§ What the task asks: Using the entries below, restate word for word only the lines from the one with "Schulenburg FFA team" to the final line, leaving the pictures out.

§ Data for the task:
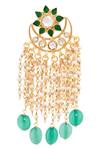Shop_Anita Dongre_Gold Plated Crystal Sitara Earrings_at_Aza_Fashions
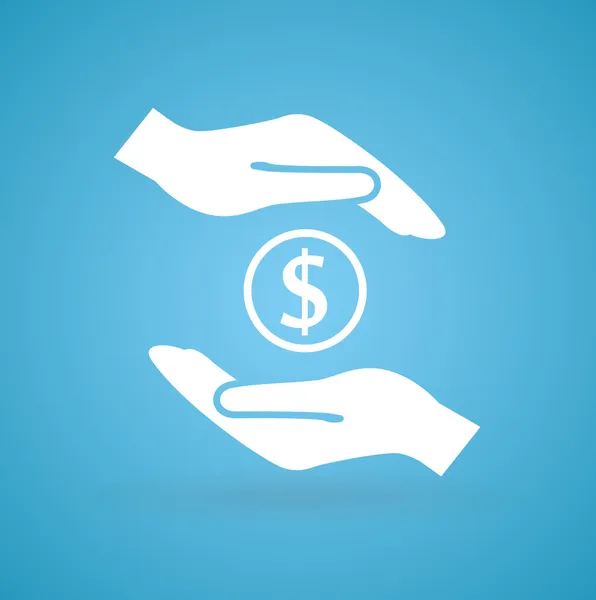 Money in hands icon — Stock Vector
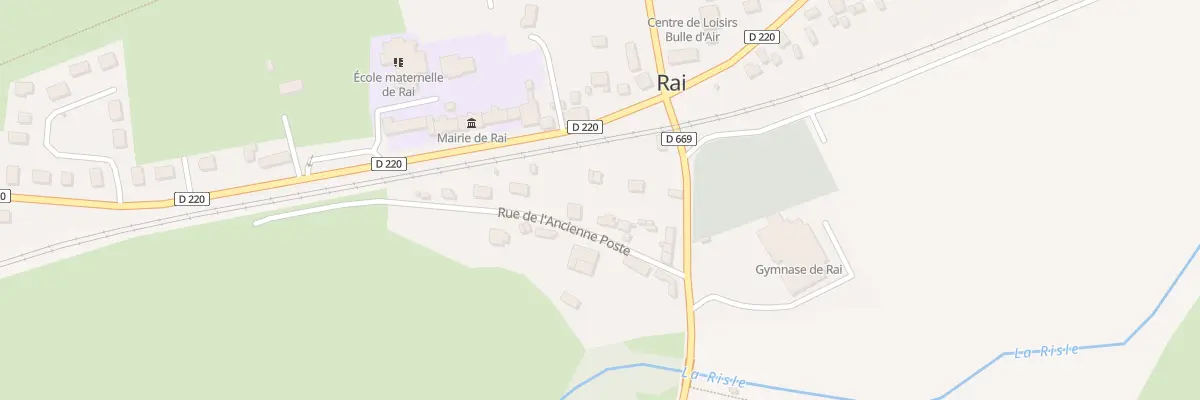Plan de la Rue de l’Ancienne Poste à Rai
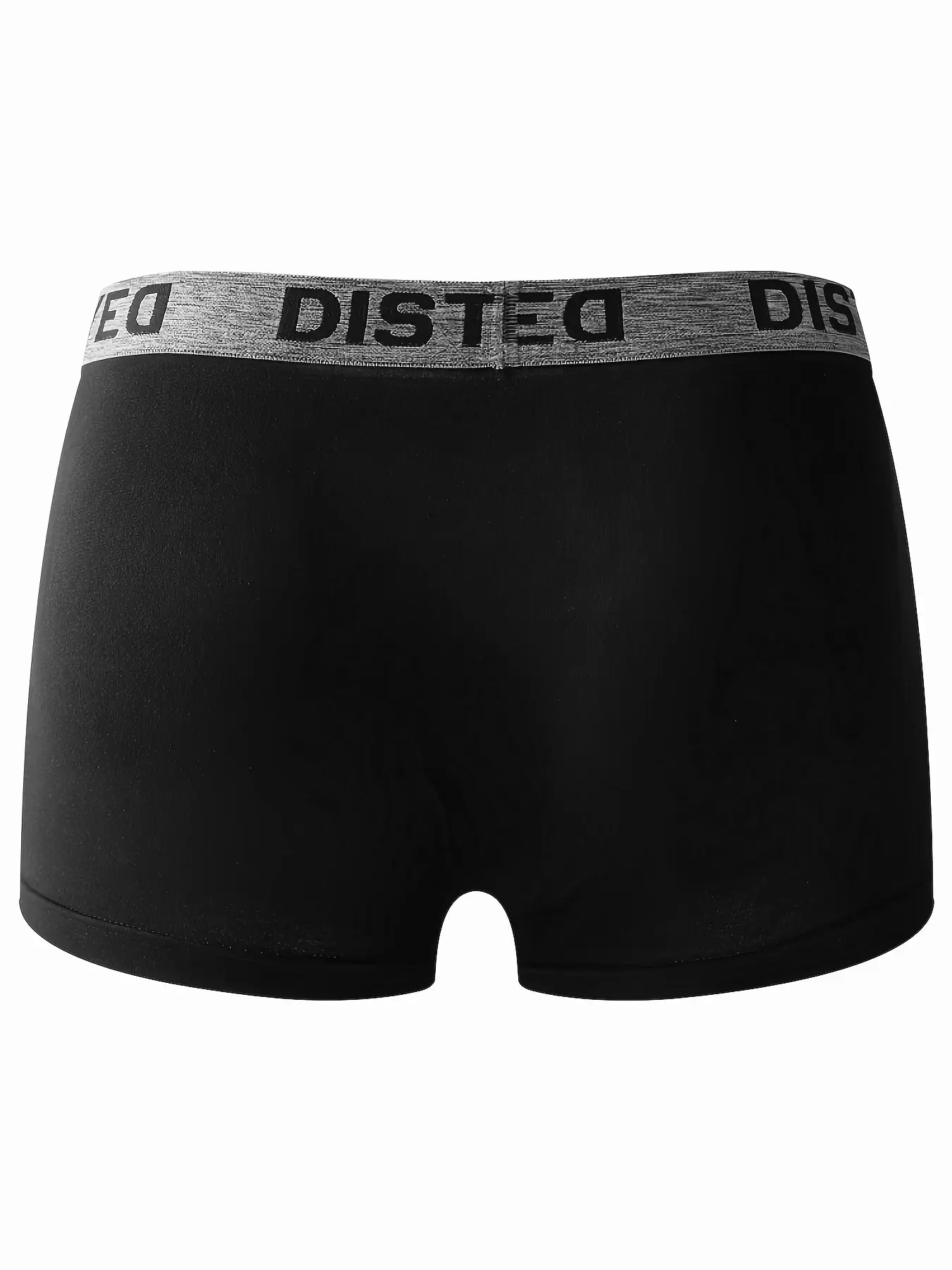 6 Pack Men's Premium Ultra Soft Cotton Boxer Briefs Black and Heather Grey Set Stretchable Fabric Non Binding Classic Underwear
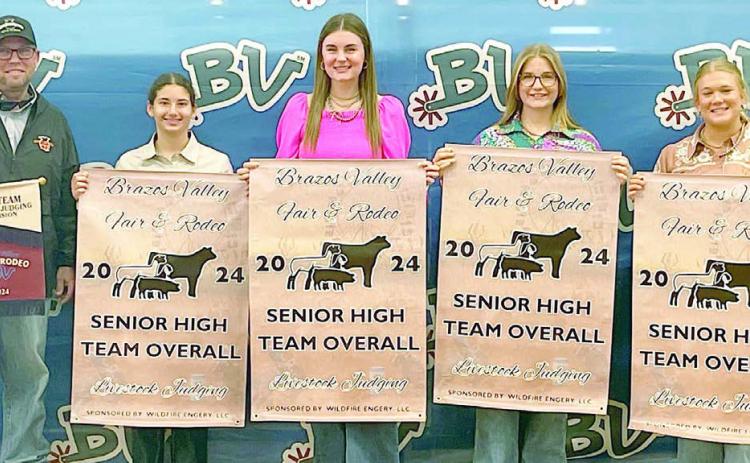 Schulenburg FFA team wins Brazos Valley Fair Livestock Judging Contest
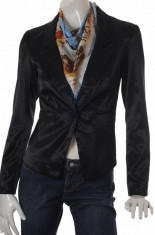 Blazer cambrat negru peliculizat Vero Moda, marime 38 foto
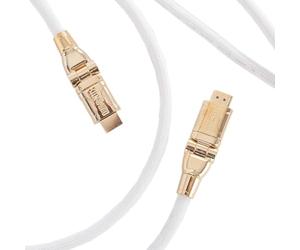 Duronic 4K HDMI Cable 1m HDC01/1 24k Gold Plated Long HDMI Cables High Speed 4k Lead 1 Meter Cord Tilt Swivel 1080p Cable Braided Gold Connectors for TV PC Laptop PS5 Xbox Gaming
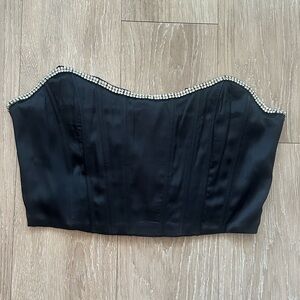 Never worn Windsor black rhinestone corset top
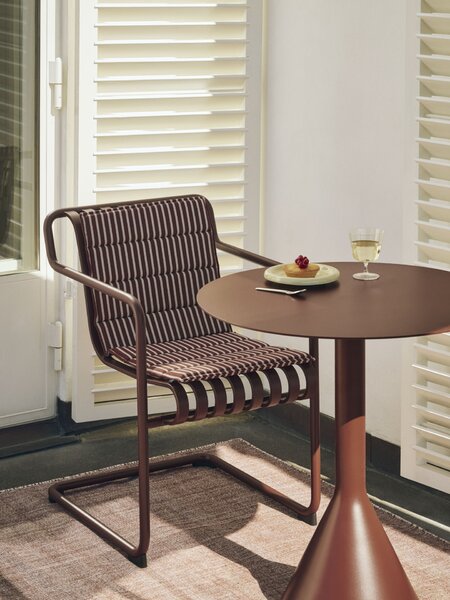 Sedák Terrazza Terracotta bold stripe 82 × 40 cm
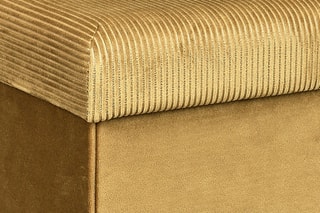 Pouf-coffre pliable Giulia - Moutarde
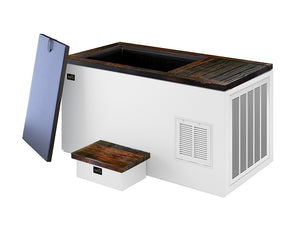 White / Shou Sugi Ban - Dark Burn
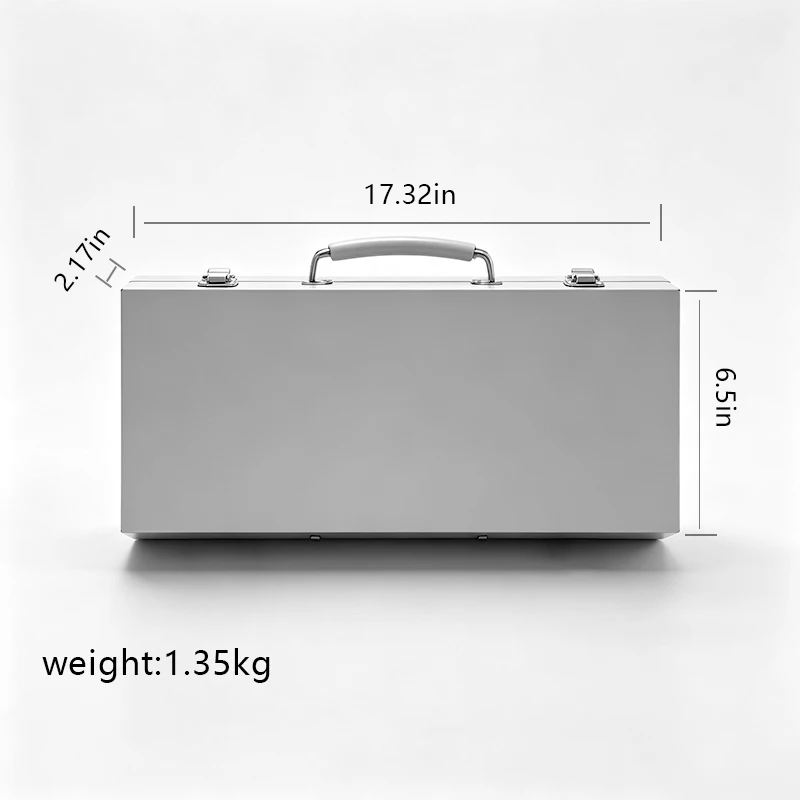 a forAluminum Tool Case, Aluminum Tool Box, Portable Tool  , Metal Storage Case, Equipment Carry Case, Hardware Organizer Box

§ Task output:
 Schulenburg FFA team wins Brazos Valley Fair Livestock Judging Contest
 Blazer cambrat negru peliculizat Vero Moda, marime 38 foto
 Duronic 4K HDMI Cable 1m HDC01/1 24k Gold Plated Long HDMI Cables High Speed 4k Lead 1 Meter Cord Tilt Swivel 1080p Cable Braided Gold Connectors for TV PC Laptop PS5 Xbox Gaming
 Never worn Windsor black rhinestone corset top
 Sedák Terrazza Terracotta bold stripe 82 × 40 cm
 Pouf-coffre pliable Giulia - Moutarde
 White / Shou Sugi Ban - Dark Burn
 a forAluminum Tool Case, Aluminum Tool Box, Portable Tool  , Metal Storage Case, Equipment Carry Case, Hardware Organizer Box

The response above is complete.